Blijkbaar mag een rechter in dit land zich niet bezinnen over het nut en het gevolg van wat hij doet, want enkele uren na de uitspraak verklaarde de voor de uitvoering verantwoordelijke justitieminister dat ik zou vervolgd worden voor rechtsweigering. Dat is intussen ook gebeurd .En daardoor is er aan mijn lijst van wijzigingen een belangrijk gegeven bijgekomen. Voorheen was straf- en strafprocesrecht legaal recht,en kon enkel de wetgever beslissen wat strafbaar was en op welke wijze de vervolging moest gebeuren.Door aan het misdrijf van rechtsweigering een andere inhoud te geven dan deze die wettelijk is bepaald gingen zowel de justitieminister, de procureur-generaal als de eerste-voorzitter van het Hof van Beroep te Antwerpen buiten de wet en schoven zij het legaliteitsprincipe (enkel de wet kan bepalen wat een misdrijf is) opzij.

Omdat zowel het Hof van Beroep als het Hof van Cassatie daar niet naast kon kijken en ik vrijgesproken werd, maakte de huidige staatssecretaris voor institutionele hervormingen een voorstel tot oprichting van een College van Hoven en Rechtbanken. Dit college zou dan de bevoegdheid moeten krijgen om,langs de korpsoverste om, aan de rechter dwingende maatregelen op te leggen voor een betere algemene rechtspraak. Dwang op de rechter,dat kan zelfs het Hof van Cassatie niet en dat kan in een rechtsstaat niemand en geen enkele instelling!

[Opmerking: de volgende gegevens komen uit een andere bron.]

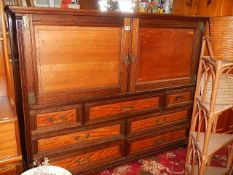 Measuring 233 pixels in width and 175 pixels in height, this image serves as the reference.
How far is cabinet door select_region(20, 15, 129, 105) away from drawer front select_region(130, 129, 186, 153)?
0.60m

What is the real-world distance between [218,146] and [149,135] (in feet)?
2.18

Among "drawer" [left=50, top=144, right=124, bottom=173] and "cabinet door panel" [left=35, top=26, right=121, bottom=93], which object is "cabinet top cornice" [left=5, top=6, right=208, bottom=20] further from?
"drawer" [left=50, top=144, right=124, bottom=173]

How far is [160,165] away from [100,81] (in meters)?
1.05

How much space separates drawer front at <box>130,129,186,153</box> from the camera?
2.06 meters

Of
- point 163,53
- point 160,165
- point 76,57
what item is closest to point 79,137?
point 76,57

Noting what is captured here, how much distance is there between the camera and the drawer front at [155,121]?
1.99 meters

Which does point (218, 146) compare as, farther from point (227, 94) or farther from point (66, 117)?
point (66, 117)

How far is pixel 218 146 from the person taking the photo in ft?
5.17

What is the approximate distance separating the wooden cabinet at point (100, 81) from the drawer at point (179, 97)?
11 millimetres

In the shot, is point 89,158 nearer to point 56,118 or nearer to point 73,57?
point 56,118

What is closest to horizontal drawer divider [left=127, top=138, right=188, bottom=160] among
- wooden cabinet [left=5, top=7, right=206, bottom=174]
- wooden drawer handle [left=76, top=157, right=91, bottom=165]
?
wooden cabinet [left=5, top=7, right=206, bottom=174]

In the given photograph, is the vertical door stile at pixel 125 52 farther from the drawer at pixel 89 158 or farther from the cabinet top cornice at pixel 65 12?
the drawer at pixel 89 158

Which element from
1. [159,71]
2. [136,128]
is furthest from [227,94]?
[136,128]

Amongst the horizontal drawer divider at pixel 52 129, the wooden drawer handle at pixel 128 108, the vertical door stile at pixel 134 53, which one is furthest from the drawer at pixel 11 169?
the vertical door stile at pixel 134 53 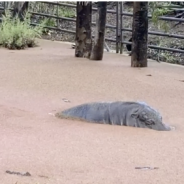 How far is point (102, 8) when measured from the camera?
11.1 meters

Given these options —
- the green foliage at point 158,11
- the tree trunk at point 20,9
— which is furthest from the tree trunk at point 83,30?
the tree trunk at point 20,9

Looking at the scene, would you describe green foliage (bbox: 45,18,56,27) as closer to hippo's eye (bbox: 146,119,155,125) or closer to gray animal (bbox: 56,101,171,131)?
gray animal (bbox: 56,101,171,131)

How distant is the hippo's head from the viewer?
254 inches

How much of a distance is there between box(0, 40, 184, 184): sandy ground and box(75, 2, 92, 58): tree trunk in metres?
0.42

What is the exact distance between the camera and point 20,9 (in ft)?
49.9

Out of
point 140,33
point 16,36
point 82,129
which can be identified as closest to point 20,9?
point 16,36

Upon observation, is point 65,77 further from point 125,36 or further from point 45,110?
point 125,36

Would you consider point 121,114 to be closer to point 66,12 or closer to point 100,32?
point 100,32

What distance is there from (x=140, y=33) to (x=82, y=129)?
14.9 ft

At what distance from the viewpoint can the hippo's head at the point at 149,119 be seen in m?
6.45

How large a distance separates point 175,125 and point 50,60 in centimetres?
469

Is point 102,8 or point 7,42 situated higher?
point 102,8

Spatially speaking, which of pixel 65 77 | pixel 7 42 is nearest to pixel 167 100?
pixel 65 77

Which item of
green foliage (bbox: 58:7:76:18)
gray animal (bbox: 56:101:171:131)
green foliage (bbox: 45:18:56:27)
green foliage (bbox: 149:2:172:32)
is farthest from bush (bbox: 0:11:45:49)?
gray animal (bbox: 56:101:171:131) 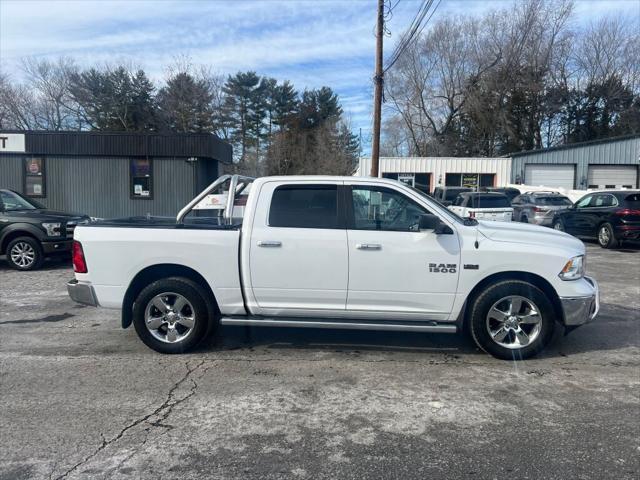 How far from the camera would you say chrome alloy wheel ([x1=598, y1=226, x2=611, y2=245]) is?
15.2 m

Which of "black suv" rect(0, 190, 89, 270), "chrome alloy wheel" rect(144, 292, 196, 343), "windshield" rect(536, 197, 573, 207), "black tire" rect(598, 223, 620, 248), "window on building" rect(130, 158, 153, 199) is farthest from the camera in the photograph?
"windshield" rect(536, 197, 573, 207)

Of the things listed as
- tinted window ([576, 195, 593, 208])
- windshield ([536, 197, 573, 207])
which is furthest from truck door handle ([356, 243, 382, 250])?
windshield ([536, 197, 573, 207])

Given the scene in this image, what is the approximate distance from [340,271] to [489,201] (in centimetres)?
1272

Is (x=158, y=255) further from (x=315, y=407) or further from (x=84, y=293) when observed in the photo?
(x=315, y=407)

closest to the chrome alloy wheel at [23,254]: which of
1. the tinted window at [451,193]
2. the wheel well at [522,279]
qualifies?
the wheel well at [522,279]

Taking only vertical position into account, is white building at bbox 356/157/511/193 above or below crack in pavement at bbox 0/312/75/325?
above

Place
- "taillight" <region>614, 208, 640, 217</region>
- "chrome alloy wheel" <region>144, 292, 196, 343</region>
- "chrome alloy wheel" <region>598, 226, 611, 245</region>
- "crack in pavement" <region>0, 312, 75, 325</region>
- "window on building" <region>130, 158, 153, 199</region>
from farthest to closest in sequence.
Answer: "window on building" <region>130, 158, 153, 199</region>, "chrome alloy wheel" <region>598, 226, 611, 245</region>, "taillight" <region>614, 208, 640, 217</region>, "crack in pavement" <region>0, 312, 75, 325</region>, "chrome alloy wheel" <region>144, 292, 196, 343</region>

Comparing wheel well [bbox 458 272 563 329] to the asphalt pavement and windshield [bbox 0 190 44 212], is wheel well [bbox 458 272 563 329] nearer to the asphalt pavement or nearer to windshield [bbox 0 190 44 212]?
the asphalt pavement

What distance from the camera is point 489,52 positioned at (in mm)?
47656

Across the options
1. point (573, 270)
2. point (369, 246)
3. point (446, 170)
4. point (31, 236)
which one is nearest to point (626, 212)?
point (573, 270)

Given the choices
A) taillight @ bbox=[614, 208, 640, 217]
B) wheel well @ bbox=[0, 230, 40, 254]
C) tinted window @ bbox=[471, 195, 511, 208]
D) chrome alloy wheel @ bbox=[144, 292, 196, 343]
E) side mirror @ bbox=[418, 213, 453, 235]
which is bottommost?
chrome alloy wheel @ bbox=[144, 292, 196, 343]

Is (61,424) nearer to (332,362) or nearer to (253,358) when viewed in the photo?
(253,358)

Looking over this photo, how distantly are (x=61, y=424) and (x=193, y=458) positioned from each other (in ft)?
3.97

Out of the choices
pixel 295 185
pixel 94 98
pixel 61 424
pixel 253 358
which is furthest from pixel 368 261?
pixel 94 98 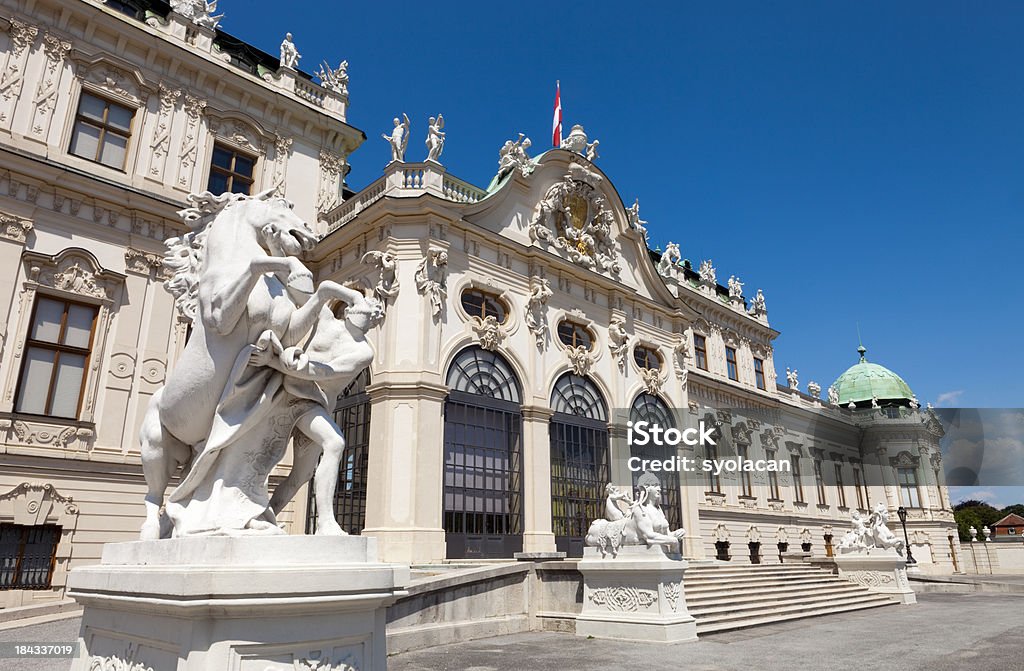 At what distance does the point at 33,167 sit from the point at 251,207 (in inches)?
573

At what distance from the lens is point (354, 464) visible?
57.1 ft

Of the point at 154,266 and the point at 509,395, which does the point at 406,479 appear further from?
the point at 154,266

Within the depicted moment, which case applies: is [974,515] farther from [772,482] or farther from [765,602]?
[765,602]

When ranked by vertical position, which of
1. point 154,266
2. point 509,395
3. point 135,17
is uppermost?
point 135,17

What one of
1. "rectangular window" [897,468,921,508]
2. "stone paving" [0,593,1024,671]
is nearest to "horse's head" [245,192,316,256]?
"stone paving" [0,593,1024,671]

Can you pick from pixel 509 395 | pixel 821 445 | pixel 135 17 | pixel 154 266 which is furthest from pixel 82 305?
pixel 821 445

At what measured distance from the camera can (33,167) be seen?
50.4ft

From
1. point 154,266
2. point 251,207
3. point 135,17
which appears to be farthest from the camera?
point 135,17

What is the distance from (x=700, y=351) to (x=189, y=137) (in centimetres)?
2368

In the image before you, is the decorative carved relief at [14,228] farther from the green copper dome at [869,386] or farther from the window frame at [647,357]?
the green copper dome at [869,386]

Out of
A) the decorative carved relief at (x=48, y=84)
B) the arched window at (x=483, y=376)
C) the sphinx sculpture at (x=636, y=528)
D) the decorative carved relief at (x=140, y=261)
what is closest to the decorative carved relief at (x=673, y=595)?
the sphinx sculpture at (x=636, y=528)

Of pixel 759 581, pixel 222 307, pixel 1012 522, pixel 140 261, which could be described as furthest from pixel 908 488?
pixel 222 307

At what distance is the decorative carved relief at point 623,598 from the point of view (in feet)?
38.6

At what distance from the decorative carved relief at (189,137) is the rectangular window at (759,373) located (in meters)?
28.3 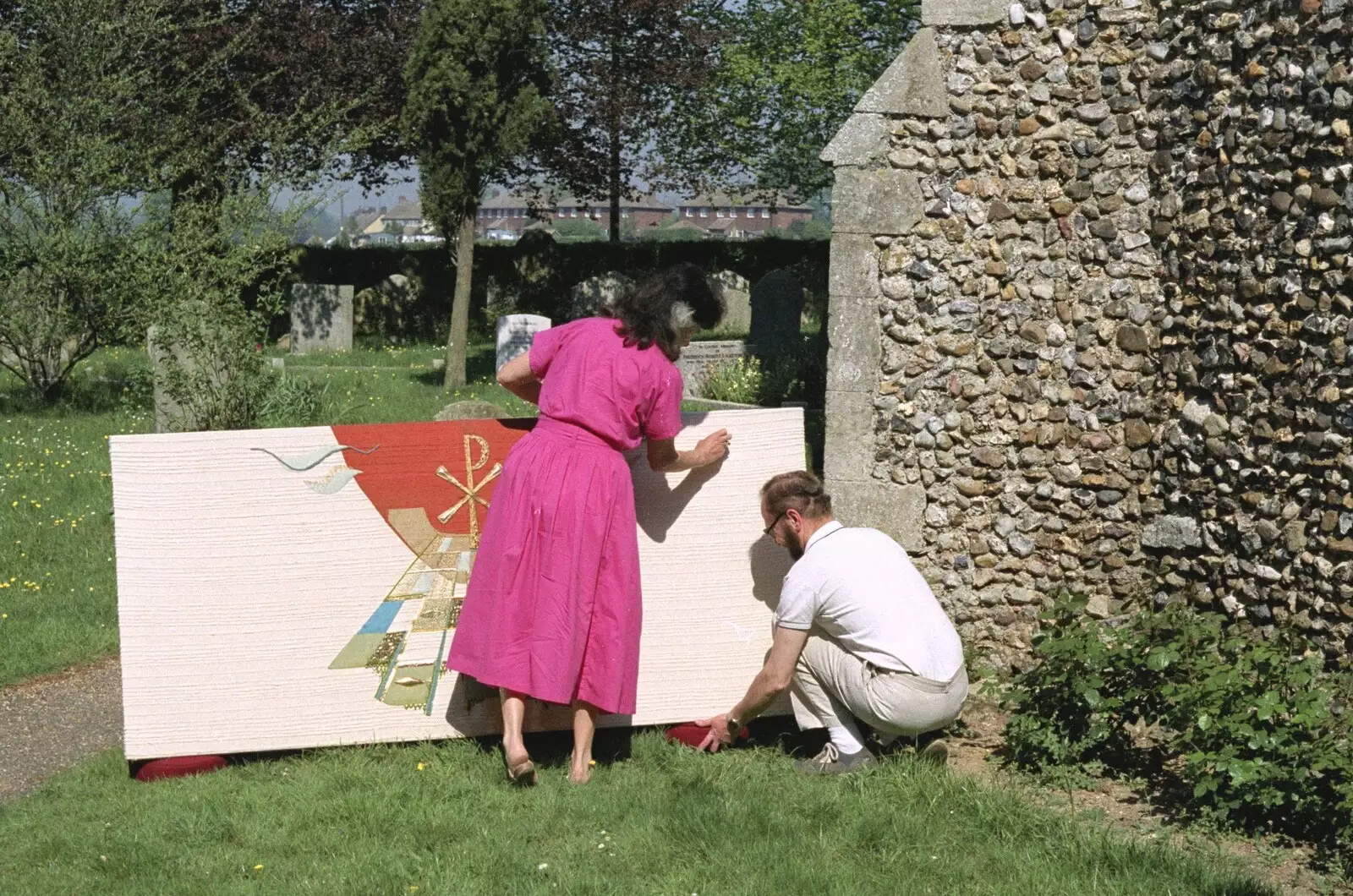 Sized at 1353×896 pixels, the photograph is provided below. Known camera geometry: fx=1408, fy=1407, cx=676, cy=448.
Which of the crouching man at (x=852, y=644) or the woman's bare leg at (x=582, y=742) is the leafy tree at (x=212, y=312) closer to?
the woman's bare leg at (x=582, y=742)

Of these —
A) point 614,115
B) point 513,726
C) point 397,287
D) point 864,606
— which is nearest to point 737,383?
point 864,606

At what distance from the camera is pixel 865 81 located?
24.0 metres

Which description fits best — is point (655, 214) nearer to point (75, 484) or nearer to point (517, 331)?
point (517, 331)

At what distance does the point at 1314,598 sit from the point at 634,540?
2547mm

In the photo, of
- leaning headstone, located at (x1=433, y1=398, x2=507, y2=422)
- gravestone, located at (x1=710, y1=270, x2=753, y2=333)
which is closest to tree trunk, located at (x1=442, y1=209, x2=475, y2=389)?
gravestone, located at (x1=710, y1=270, x2=753, y2=333)

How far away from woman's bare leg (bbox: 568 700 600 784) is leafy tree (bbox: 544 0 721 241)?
806 inches

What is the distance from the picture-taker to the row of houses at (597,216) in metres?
30.3

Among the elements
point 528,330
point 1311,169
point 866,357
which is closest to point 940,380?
point 866,357

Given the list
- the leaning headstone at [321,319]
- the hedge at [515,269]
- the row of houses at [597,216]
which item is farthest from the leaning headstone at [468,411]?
the hedge at [515,269]

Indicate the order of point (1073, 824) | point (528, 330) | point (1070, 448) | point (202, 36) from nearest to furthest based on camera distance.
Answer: point (1073, 824)
point (1070, 448)
point (528, 330)
point (202, 36)

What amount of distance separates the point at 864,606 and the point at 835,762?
613 mm

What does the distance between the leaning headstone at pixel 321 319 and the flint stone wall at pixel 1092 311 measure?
55.3 ft

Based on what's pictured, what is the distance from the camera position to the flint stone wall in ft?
17.6

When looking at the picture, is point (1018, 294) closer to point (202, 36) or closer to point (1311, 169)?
point (1311, 169) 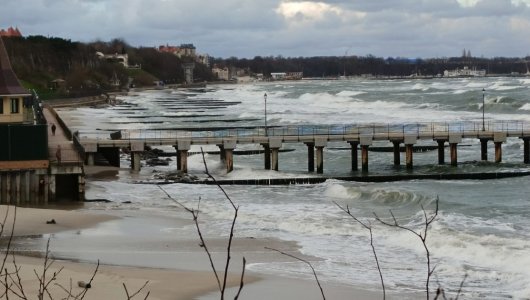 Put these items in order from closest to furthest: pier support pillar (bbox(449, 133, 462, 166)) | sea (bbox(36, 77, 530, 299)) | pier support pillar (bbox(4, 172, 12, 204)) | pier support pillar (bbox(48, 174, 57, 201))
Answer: sea (bbox(36, 77, 530, 299)) → pier support pillar (bbox(4, 172, 12, 204)) → pier support pillar (bbox(48, 174, 57, 201)) → pier support pillar (bbox(449, 133, 462, 166))

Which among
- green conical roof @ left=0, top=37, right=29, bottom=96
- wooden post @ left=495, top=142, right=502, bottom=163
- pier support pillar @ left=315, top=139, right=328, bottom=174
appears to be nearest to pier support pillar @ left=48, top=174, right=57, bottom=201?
green conical roof @ left=0, top=37, right=29, bottom=96

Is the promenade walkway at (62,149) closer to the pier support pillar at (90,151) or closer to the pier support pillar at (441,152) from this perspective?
the pier support pillar at (90,151)

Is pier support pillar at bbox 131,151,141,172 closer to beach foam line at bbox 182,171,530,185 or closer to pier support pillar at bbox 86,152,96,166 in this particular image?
pier support pillar at bbox 86,152,96,166

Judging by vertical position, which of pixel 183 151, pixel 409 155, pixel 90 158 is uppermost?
pixel 183 151

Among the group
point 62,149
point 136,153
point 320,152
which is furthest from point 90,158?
point 320,152

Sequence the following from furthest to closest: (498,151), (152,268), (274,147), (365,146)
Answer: (498,151) → (365,146) → (274,147) → (152,268)

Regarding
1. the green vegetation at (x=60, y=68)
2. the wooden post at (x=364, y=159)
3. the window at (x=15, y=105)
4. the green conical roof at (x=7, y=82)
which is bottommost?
the wooden post at (x=364, y=159)

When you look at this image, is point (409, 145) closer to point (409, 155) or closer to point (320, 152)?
point (409, 155)

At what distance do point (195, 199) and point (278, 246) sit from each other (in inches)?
381

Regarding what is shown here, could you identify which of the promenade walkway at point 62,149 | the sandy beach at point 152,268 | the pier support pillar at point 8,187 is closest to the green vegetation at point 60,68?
the promenade walkway at point 62,149

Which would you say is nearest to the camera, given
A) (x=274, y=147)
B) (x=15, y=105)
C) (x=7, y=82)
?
(x=15, y=105)

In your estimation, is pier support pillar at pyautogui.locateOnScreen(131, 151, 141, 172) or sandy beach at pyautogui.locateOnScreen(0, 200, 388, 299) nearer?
sandy beach at pyautogui.locateOnScreen(0, 200, 388, 299)

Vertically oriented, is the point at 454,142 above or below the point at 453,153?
above

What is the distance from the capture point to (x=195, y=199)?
1212 inches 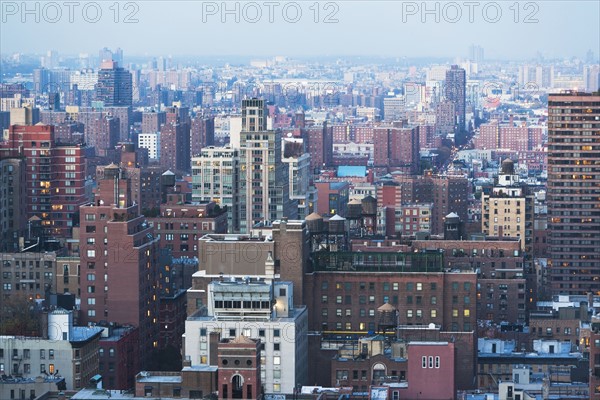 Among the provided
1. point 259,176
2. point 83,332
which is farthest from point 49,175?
point 83,332

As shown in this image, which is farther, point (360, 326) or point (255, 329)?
point (360, 326)

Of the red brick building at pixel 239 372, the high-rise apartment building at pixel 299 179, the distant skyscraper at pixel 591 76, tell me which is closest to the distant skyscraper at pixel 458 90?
the distant skyscraper at pixel 591 76

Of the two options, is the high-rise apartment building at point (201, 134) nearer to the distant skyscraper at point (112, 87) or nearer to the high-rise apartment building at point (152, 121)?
the high-rise apartment building at point (152, 121)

Over de achterliggende gronden van al deze wijzigingen kan een boek geschreven worden.Intussen lijkt mij deze kleine evaluatie toch voldoende om de vraag te stellen of wij, zoals men dat zegt, het kind niet met het badwater hebben buitengegooid. Mijn vrijspraak heeft dan misschien toch een nuttig element bijgebracht : zich bezinnen over de oorzaken van de “zero confidence” van de burger en zelfs het schrijven hierover is niet strafbaar en wellicht erg nuttig. Alleen al het herhaalde leed van de nabestaanden is een goede reden om hierover na te denken.